French-American fluid dynamics researcher

Marianne M. Francois is a French-American researcher in computational fluid dynamics at the Los Alamos National Laboratory in New Mexico. Her work includes the simulation of surface tension in fluids, heat transfer, and multiphase flow. She is division leader of the Theoretical Division at Los Alamos.

==Education and career==
Francois earned an engineering diploma at the EPF School of Engineering in 1997. After a master's degree from Embry–Riddle Aeronautical University in 1998, she completed a Ph.D. in aerospace engineering at the University of Florida in 2002, advised there by Wei Shyy.

She joined Los Alamos in 2002, and began working there in the Continuum Dynamics Group. She became deputy group leader in the Fluid Dynamics and Solid Mechanics group in 2012, group leader of the Methods and Algorithms group in 2015, and program manager for Physics and Engineering Models in 2018. She was named as division leader in 2020.

==Recognition==
The University of Florida's Department of Mechanical & Aerospace Engineering gave Francois its 2019-2020 Outstanding MAE Alumna Award, its highest honor for alumni.
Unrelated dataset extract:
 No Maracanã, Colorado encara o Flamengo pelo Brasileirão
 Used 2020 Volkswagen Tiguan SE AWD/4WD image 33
She was named as an ASME Fellow in 2023.

==Personal life==
Francois earned a license as a private pilot in France after finishing high school. She serves as a captain in the Civil Air Patrol, through which she has flown search-and-rescue missions and helps mentor teenage volunteers. She is also a member of the Rio Grande Norte chapter of the Ninety-Nines, and through the Ninety-Nines has led aviation-related workshops for teen girls to encourage them to work in STEM fields.